Articles

Articles

Are We Seeking God?

I hope your Thanksgiving Day was special. Maybe family is still visiting through the weekend. It's very nice to spend time with family, and we should cherish such opportunities.

As encouragement today, consider 1 Cor 5:11. In a nutshell, it says Christians can't approve of the behavior of people who claim to be brothers and sisters, but indulge in sinful lifestyles. "But now I am writing to you that you must not associate with anyone who claims to be a brother or sister but is sexually immoral or greedy, an idolater or slanderer, a drunkard or swindler. Do not even eat with such people".

There are several reasons for this. We can't condone sin, and patting them on the back as if nothing is wrong in their life does nothing to change their behavior. On the contrary, we read that we are to "warn a divisive person", and should they ignore us, we are to "have nothing to do with them". (Titus 3:10)

Another reason is that if we socialize with them as if nothing is wrong, it degrades our own lives. They are contagious, and their influence begins to damage us. If we don't heed the warning and walk away from them, we may gradually become just like them.

How about outside the church?

We know how our world lives, those who know not God. Paul tells Timothy that "people will be lovers of themselves, lovers of money, boastful, proud, abusive, disobedient to their parents, ungrateful, unholy, without love, unforgiving, slanderous, without self-control, brutal, not lovers of good, treacherous, rash, conceited, lovers of pleasure rather than lovers of God, having a form of godliness but denying its power." Paul says plainly and clearly, "Have nothing to do with such people". (2 Tim 3:1-5) We can't align ourselves with such people.

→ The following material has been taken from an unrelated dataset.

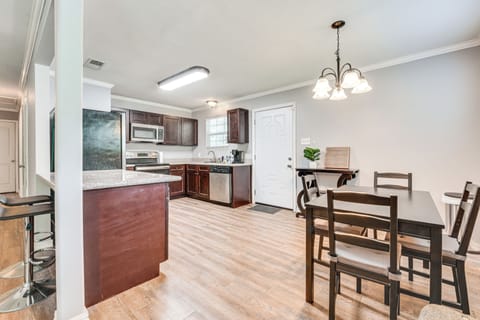 Dining Table | Single-Story Home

Bad influences in our lives test us and can even break us. If we choose to spend all our time around such people, they will more than likely pull us down, instead of us lifting them up. Scripture doesn't tell us to ignore non-Christians and never speak to them, on the contrary, we are to love them and try to reach them with the saving message of the Gospel. But it does tell us not to be "bound together" with them because we will be fooled, seduced and thrown off course. We can't team up with sin and think we will prevail.

Today, remember Jesus went places where sinners were and taught them a better way and left an example for them, but He didn't surround Himself with such people, or run in their social circles. He loved them, but He surrounded Himself with people willing to seek God and live their lives differently than the world. We too should do the same.